30 Ocak 2017 Pazartesi

Kahve ve Sağlık


  İlk önce şu konuda anlaşalım: her yiyip içtiğimiz şeyden az ya da çok sağlığımız zarar görebiliyor. Ancak bu zararları, kahvenin etkileri (genellikle kötü) kadar konuşmuyoruz. İtiraf etmeliyiz, kahve içmeyen biri sizi kahve tüketirken gördüğü zaman, kahvenin ne kadar zararlı olduğundan bahsetmeye başlar. Ama bu can sıkıcı değil mi? Onlara şunu söylemek istemez misiniz: peki bizi canlı tutan ve ömrümüze bir kaç yıl katan nedir?

  Başka herhangi bir içecek gibi kahvenin de taraftarı ve karşıtı; iyi ve köyü yönleri var. Eminim, bilim adamları bu konuyu uzun zaman tartışabilir ve doğru cevabı bulamazlar. Kahve, sağlık konusunda neden bu kadar popüler? Örneğin çay, bağımlılık özelliğine sahip ve sağlıklı yaşamımızı etkileyecek kadar kafein içerir.
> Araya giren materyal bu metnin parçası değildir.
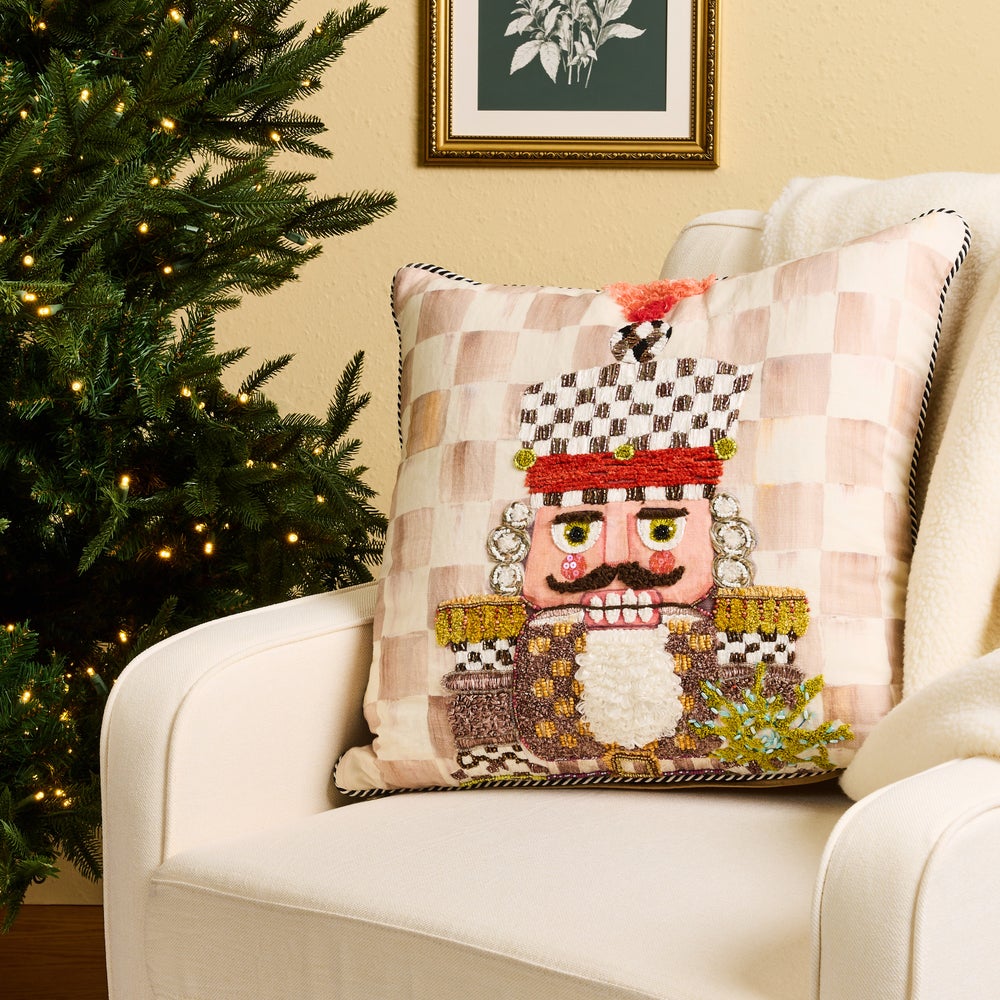 MacKenzie-Childs Mocha Check Nutcracker Throw Pillow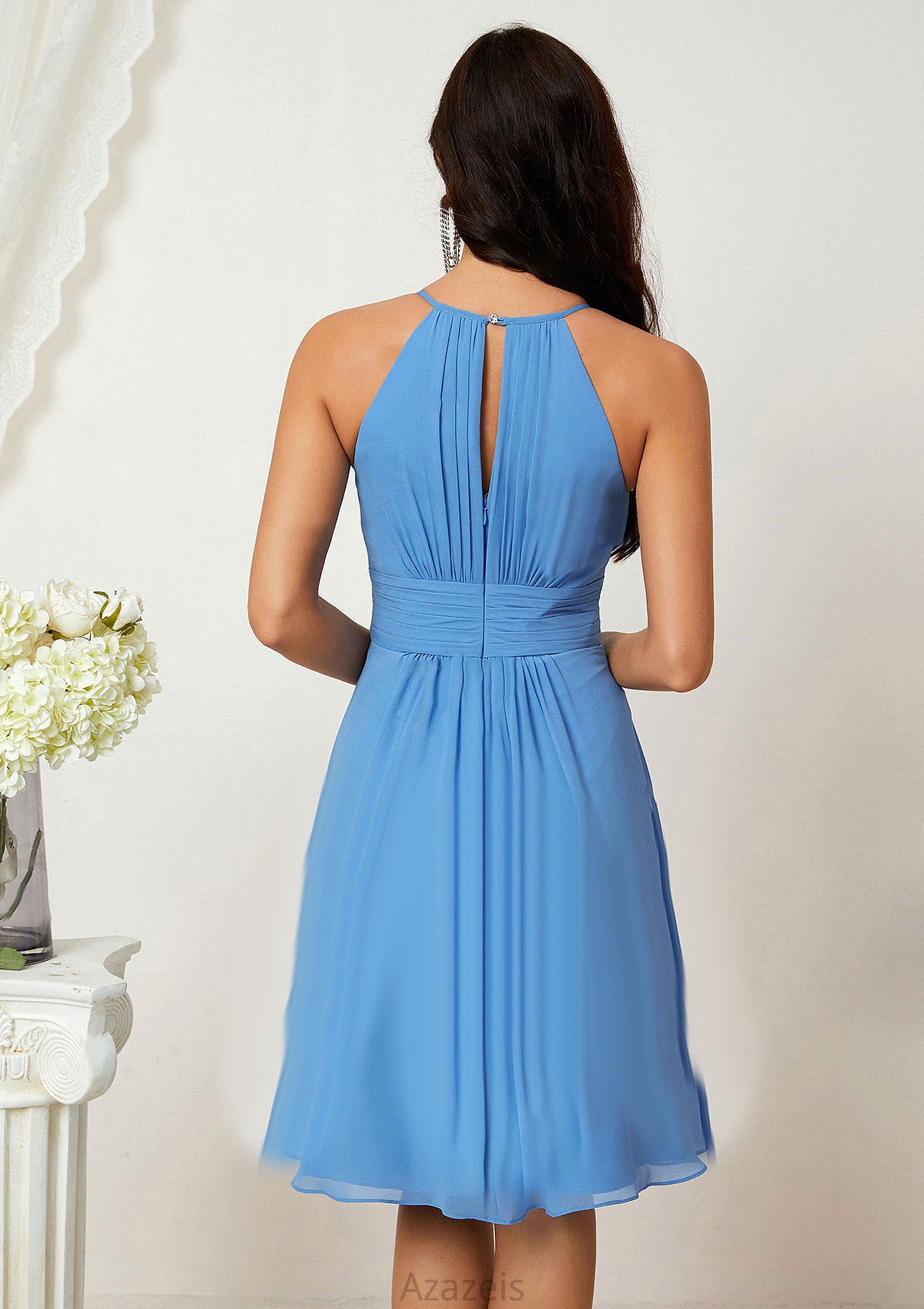 A-line Halter Sleeveless Knee-Length Chiffon Bridesmaid Dresses With Pleated    Adrianna DFP0025324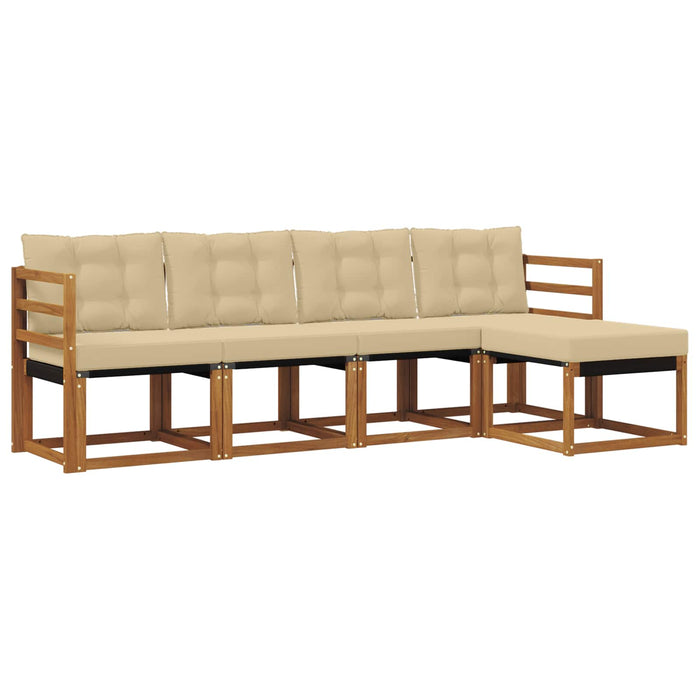 Set de canapele de exterior cu pernă 5 pcs Natural și Bej - WALTI WALTI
Ya da daha kötü içeceklerden bahsedebiliriz - alkolün bağımlılık özelliği daha güçlü ve çok daha fazla sağlığa zarar verir. Fakat, herhangi web tarayıcısından arama yapasanız yapın size aşağıda yer alan bilgileri sunacaktır.

  Unutmayın, kahve yararlıdır. Bunu kanıtlamak için hiç bir şey icat etmeye gerek yok, sadece tarihçeye hızlıca bir göz atalım. Kahve her zaman rahatlamaya yardımcı olmamış mıdır? Bir çok kişinin işten sonra rahatlamasına, bazılarının meditasyon yapmasına ve sadece büyüleyici aromalarından keyif almaya yardımcı olmuştur. Kahve yetiştirme ve demleme yöntemini Araplar boşuna gizlemedi.

  Araştırmalar, kahve tüketiminin Parkinson, Alzheimmer, safra taşı, kanser, astım atakları, felç ve karaciğer sirozu gibi hastalıkları büyük ölçüde engellediğini gösteriyor. Negatif etkileri de: uykusuzluk, işitme halüsinasyonları, bazı minerallerin ve vitaminlerin emilmesini engeller, kan basıncını arttırabilir, dişleri sarartır, mide yanmalarına sebep olabilir.



  Günde 6 bardak kahve içen erkekler, hiç içmeyenlere oranla, prostat kanserinin ölümcül formuna yakalanma riski %60 daha düşüktür. Herhangi hastalığın oluşmasına ise %20 kadar daha dayanıklı.

  Günde 5 fincan kahve içen kadınların, bir fincandan az içenlere oranla, östrojen kaynaklı negatif kansere yakalanma ihtimalleri %57 daha düşüktür. Ağır kahve içicilerinin, ilerleyen yaşlarda her türlü meme kanserine yakalanma riskleri %20 daha azdır.

  Bu arada, kadınların hamilelik dönemlerinde kahve tüketmeleri uzmanlar açısından, her zaman sorun olmuştur. Hamilelik esnasında içilen kahvenin bebeği düşük yapma ve bebeğe fiziksel zararlar verebileceğine yönelik araştırmalar da mevcuttur. Ancak bebeğin engelli doğma ihtimalini dahi gözeten bu araştırmaların aşırı kahve tüketiminden kaynaklandığı kanıtlandı.



  Sıkça sorulan bir başka soru: Kahve büyümeyi hızlandırıyor mu? Tabii ki, HAYIR. Bu mit, kahvede bulunan kafeinin osteoporoza yol açabileceği ve böylece kemik ağırlığının düştüğüne inanıldığı zamanlarda ortaya çıktı. Konuyla daha ilgili olanlar için basit bir tavsiye; kahveye biraz süt ilave edin ve karıştırın, belki etkisi olur. Fakat, çocuklarınıza çok fazla kahve vermemenizi tavsiye ederim, genç bedenlerinde farklı etkiler yaratabilir.



  Her zaman tek bir tavsiyem var: günlük kahve tüketiminiz aşırı derecede olmamalı (bu çok önemli), özenle kavrulmuş, doğru öğütülmüş ve ustalıkla demlenmiş kahveleri tercih edin. Böylece sağlığınıza kendi istediğiniz ölçüde etki etmiş olursunuz.